Francine Niyonsaba impressively won the women’s 800m in 2:00.33, ahead of Janeth Jepkosgei and Malika Akkaoui.
An 87.60m world lead took 2007 World champion Tero Pitkamaki to a narrow victory in the men’s Javelin. The Finn had previously held the world lead at 86.40m.
Second-placed Vitezslav Vesely threw 86.67m to also better the previous world lead while Dmitriy Tarabin threw 85.36m for third. Olympic champion Keshorn Walcott could manage no better than 79.02m for sixth, while his predecessor in 2004 and 2008, Andreas Thorkildsen, failed to register a valid throw.
Barshim and Bondarenko swap places in High Jump
Mutaz Essa Barshim beat Bohdan Bondarenko in the men’s High Jump on count-back, clearing 2.33m on the first attempt as against Bondarenko’s second.
In Doha last FridayBondarenko won from Barshim, so the two now lead the Diamond Race with six points apiece. The pair also equalled the meeting record of 2.33m set by Yaroslav Rybakov in 2006.
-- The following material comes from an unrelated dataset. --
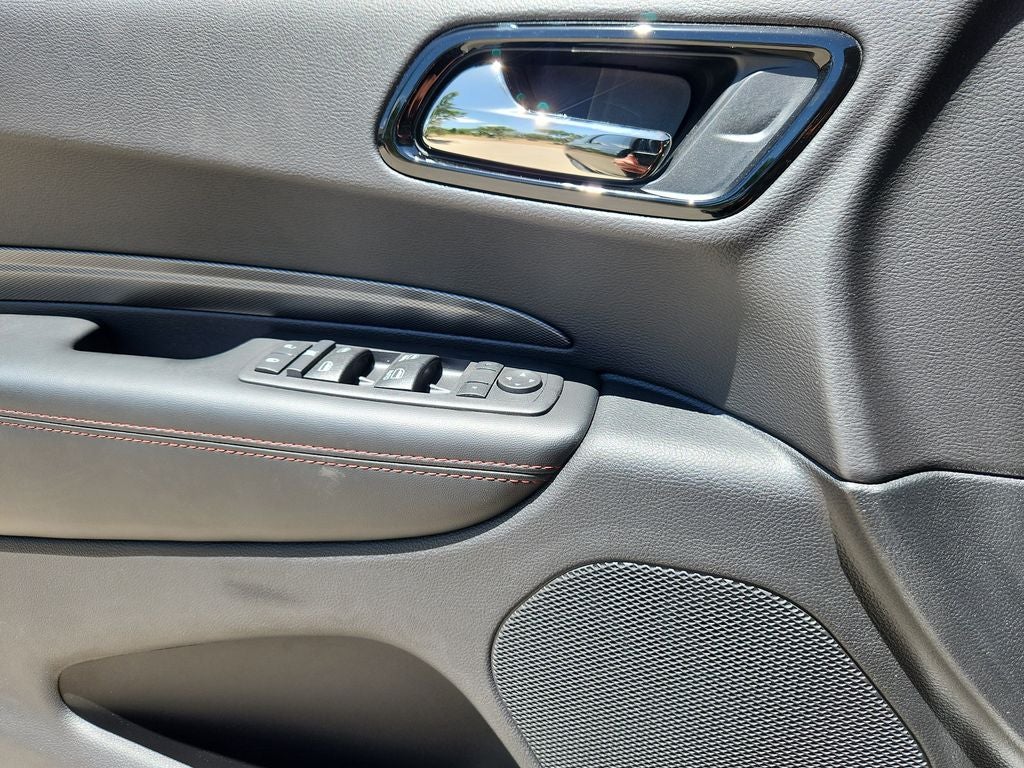 2026 Dodge Durango DURANGO GT AWD
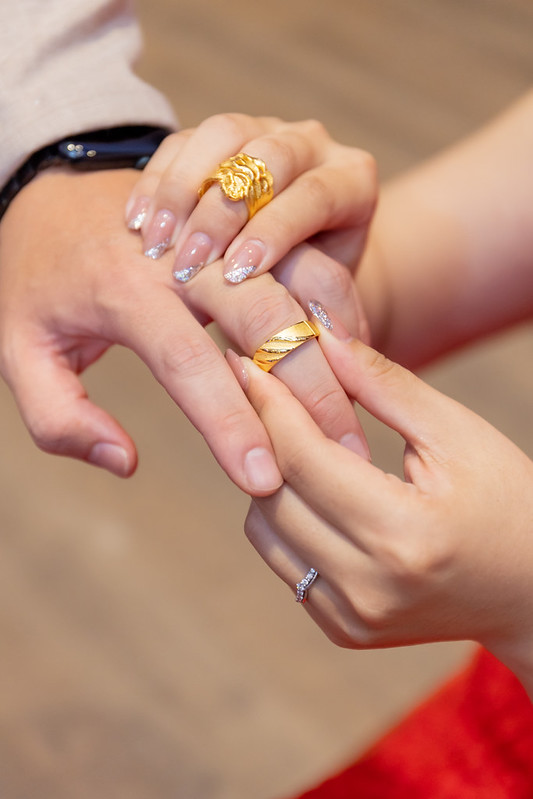 Wedding婚禮記錄 台北婚攝 熱門攝影師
Yelena Isinbayeva took only two jumps to win the women’s Pole Vault, running under the bar at her first attempt before soaring over 4.70m on the second. That left her well clear of Mary Saxer’s personal best 4.60m and Silke Spiegelburg’s 4.55m.
Caterine Ibarguen started the women’s Triple Jump with 14.35m, a distance immediately topped by her closest rival, Olha Saladukha with 14.43m.
But that was as close as it got. Ibarguen progressed to a world lead 14.69m in the third round while her rival stuttered to three consecutive fouls
Surprising Schwanitz and Malachowski close to world leads
Christina Schwanitz wasted no time in setting down new markers in the women’s Shot Put. With her first throw, the 27-year-old German landed the shot at a personal best 19.76m, with her second she cracked the 20m mark with 20.12m and with her fifth she was again in new territory with 20.20m.
Three personal bests for the competition and a final mark close enough to Valerie Adams’ world lead 20.37m. It may be a little premature to suggest Schwanitz can challenge the indomitable Adams, but she certainly has shaken up the world order.
Shaken in Shanghai was Gong Lijiao, a bronze medallist at last year’s London Olympics and a fixture in the top five at global championships since the Olympics before that in Beijing in 2008. Gong took second with 19.73m.
There were no such shocks for Piotr Malachowski. The favourite led the men’s Discus after three rounds with his 64.33m then exploded to a 67.34m in the fourth round, a distance bettered this year only by Australia’s Benn Harradine who threw 68.20m in Townsville on 10 May.
Beijing Olympic champion Gerd Kanter was second with 63.14m and Robert Urbanek third with 62.85m.
Olympic bronze medallist Warren Weir won the 200m in 20.18 from the fast-finishing Justin Gatlin (20.21) and Jason Young (20.22).
In the women’s 400m Hurdles, Zuzana Hejnova finished strongly to beat Angela Morosanu, 53.79 to 53.85, both under the previous world lead.